Yermak Timofeyevich
YERMAK TIMOFEYEVICH
(d. 1585), Cossack chieftain, leader of an expedition that laid the basis for Russia's annexation of Siberia.
Little is known about Yermak's early biography, and many of the details of his Siberian campaign are still disputed. Most sources indicate that he was a Volga Cossack who fled north in 1581 in order to escape punishment for piracy; Ruslan Skrynnikov, however, argues that Yermak was fighting in the Livonian War in 1581 and went to Siberia in 1582. Yermak and his Cossack band were hired by the Stroganovs, a family of wealthy Urals merchants, to protect their possessions against attacks by the Tatars and other indigenous peoples of Siberia. Thereafter Yermak and his band of a few hundred men set off along the Siberian rivers in lightweight boats; it is not clear whether the Stroganovs sent them to attack the Siberian khanate, or whether the decision to go on to the offensive was taken by the Cossacks. In October 1582 they defeated the Siberian khan, Kuchum, and occupied his capital, Kashlyk (Isker). The local peoples recognized Yermak's authority and rendered him tribute. In 1585, however, Khan Kuchum launched a surprise attack on the Cossack camp and killed most of the band. Yermak himself, according to legend, drowned in the River Irtysh, weighed down by a suit of armour that he had received as a gift from the tsar. Subsequent expeditions continued the Russian annexation of Siberia that Yermak had pioneered. After his death Yermak became a folk hero; his achievements were celebrated in oral tales and songs, and later depicted in popular prints (lubki ).

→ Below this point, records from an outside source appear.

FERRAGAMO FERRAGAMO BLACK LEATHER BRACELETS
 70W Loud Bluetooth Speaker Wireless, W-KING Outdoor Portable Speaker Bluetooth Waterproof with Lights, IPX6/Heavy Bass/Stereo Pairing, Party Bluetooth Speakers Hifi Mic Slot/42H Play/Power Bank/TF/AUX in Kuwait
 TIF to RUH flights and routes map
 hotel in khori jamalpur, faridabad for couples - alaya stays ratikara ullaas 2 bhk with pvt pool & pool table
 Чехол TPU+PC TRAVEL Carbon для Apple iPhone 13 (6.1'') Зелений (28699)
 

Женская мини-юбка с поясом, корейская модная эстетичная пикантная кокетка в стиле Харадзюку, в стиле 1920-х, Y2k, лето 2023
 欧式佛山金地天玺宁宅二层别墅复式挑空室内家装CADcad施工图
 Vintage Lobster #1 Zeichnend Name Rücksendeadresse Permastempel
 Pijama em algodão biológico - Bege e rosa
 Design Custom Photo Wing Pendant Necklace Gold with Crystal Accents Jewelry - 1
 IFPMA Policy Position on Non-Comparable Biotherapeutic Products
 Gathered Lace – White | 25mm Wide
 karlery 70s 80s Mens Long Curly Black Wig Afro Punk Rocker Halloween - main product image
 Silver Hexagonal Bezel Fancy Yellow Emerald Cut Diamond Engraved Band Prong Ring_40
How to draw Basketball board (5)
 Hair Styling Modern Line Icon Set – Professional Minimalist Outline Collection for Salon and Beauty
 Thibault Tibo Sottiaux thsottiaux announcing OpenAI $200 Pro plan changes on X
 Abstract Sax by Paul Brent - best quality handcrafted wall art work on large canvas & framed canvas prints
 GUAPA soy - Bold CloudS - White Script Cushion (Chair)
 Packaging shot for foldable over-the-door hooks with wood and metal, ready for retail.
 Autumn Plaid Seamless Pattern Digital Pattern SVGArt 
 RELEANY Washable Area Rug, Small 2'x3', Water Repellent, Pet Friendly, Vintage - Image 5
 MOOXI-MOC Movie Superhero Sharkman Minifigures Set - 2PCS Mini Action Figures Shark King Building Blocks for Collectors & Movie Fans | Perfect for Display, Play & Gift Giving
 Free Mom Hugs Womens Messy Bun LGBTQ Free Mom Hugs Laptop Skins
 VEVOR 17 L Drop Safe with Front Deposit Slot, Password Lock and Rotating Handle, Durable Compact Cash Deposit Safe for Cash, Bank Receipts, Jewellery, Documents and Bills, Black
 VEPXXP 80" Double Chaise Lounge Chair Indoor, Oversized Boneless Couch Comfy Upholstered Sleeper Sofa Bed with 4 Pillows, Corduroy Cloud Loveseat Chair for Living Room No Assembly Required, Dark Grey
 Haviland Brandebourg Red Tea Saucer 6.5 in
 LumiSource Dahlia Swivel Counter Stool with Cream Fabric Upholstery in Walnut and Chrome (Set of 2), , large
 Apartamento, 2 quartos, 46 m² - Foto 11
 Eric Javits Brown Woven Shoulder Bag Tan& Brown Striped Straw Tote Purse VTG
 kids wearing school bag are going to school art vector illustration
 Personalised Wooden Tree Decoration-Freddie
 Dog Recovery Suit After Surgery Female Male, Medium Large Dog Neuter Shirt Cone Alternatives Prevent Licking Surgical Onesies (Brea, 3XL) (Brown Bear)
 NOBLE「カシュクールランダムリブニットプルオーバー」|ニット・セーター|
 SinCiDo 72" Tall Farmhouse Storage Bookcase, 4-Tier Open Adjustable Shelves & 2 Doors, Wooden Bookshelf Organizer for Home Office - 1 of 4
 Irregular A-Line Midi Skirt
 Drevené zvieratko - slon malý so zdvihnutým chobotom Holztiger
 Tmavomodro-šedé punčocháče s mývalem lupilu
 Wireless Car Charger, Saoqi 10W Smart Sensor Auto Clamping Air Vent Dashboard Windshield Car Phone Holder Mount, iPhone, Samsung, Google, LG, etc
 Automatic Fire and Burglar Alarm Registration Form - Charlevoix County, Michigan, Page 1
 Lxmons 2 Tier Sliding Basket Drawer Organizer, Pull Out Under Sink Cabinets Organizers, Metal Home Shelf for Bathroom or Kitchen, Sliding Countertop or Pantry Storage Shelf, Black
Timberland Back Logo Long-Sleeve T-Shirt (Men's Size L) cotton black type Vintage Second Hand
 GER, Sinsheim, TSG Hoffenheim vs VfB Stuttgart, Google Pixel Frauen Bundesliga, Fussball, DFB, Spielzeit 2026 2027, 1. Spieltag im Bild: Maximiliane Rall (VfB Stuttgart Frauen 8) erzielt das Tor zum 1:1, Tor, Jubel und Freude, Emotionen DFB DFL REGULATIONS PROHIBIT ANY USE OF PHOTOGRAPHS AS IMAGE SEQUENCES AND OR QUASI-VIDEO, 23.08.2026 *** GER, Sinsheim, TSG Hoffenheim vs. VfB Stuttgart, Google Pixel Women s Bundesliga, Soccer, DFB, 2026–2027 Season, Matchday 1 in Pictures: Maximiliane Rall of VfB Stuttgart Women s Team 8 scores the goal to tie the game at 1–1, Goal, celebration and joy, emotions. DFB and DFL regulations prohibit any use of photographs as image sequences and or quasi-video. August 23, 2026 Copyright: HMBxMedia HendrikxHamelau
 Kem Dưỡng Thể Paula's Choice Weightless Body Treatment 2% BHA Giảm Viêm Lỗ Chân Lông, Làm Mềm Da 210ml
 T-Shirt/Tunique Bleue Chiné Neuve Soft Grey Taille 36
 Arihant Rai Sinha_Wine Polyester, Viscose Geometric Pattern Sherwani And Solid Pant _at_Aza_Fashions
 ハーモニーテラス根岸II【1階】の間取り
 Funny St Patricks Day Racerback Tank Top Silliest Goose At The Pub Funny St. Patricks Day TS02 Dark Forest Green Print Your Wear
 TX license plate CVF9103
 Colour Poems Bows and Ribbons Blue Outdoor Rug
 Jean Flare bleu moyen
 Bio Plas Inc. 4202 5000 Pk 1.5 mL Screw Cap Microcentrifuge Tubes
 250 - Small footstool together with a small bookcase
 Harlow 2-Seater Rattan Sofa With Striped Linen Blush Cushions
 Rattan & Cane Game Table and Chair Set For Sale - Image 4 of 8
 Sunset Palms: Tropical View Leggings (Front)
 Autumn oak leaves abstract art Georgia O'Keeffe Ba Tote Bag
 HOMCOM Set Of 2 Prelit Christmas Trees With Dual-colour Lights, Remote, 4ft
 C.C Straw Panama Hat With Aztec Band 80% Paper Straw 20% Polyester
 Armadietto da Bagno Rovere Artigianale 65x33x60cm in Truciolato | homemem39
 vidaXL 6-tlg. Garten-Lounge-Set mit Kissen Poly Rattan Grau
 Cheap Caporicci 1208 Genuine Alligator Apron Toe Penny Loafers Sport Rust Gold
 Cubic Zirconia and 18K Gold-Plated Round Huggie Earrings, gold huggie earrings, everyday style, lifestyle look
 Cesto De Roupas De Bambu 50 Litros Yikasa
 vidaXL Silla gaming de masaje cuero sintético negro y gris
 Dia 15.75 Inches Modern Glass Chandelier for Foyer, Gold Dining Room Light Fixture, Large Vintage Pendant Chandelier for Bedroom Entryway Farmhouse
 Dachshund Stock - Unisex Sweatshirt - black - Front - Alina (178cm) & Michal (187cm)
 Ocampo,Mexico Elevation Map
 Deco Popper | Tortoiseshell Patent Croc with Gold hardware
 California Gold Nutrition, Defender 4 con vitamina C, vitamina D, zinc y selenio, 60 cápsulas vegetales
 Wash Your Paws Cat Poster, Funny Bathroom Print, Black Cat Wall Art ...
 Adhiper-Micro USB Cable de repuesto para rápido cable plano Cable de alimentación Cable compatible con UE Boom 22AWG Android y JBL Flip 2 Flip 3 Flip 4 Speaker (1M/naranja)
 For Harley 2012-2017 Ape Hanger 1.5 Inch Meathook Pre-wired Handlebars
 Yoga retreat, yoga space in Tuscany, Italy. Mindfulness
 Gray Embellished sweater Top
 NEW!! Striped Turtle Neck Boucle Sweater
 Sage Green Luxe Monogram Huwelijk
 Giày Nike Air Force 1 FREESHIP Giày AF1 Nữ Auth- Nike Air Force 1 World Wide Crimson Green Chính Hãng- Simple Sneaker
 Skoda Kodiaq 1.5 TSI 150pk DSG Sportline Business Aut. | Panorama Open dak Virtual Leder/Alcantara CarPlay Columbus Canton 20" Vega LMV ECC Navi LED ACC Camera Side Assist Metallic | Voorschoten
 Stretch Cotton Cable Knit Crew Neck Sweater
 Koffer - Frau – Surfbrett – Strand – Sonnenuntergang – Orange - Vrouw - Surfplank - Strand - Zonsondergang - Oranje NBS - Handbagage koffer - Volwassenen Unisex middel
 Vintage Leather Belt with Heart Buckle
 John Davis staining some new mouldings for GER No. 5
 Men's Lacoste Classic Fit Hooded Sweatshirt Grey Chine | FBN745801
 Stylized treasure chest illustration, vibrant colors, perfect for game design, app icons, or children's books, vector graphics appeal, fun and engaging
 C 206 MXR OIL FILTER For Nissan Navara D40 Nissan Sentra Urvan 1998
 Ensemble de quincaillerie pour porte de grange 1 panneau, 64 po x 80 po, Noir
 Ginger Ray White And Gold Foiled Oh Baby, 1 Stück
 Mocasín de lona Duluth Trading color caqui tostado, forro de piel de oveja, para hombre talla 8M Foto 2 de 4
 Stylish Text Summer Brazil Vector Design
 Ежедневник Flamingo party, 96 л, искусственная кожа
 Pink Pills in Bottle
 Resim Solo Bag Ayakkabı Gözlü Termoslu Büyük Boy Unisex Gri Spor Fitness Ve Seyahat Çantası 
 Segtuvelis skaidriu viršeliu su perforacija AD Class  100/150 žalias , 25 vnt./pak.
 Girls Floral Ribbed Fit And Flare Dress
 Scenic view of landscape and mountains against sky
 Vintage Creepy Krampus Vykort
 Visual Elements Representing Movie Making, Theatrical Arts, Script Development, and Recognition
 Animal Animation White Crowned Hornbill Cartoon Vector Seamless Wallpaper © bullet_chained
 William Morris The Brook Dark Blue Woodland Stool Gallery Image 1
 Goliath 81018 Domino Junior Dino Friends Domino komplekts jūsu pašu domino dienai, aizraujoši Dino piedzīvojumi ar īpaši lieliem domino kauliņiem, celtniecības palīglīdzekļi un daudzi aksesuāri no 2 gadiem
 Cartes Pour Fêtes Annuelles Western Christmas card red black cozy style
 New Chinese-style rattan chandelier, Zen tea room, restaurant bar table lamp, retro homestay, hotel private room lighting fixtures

See also: ivan iv; siberia
bibliography
Armstrong, Terence, ed. (1975). Yermak's Campaign in Siberia: A Selection of Documents, tr. Tatiana Minorsky and David Wileman. London: Hakluyt Society.
Perrie, Maureen. (1997). "Outlawry (Vorovstvo ) and Redemption through Service: Ermak and the Volga Cossacks." In Culture and Identity in Muscovy, 1359–1584, ed. A. M. Kleimola and G. D. Lenhoff. Moscow: ITZ-Garant.
Skrynnikov, R. G. (1986). "Ermak's Siberian Expedition." Russian History / Histoire Russe 13:1–39.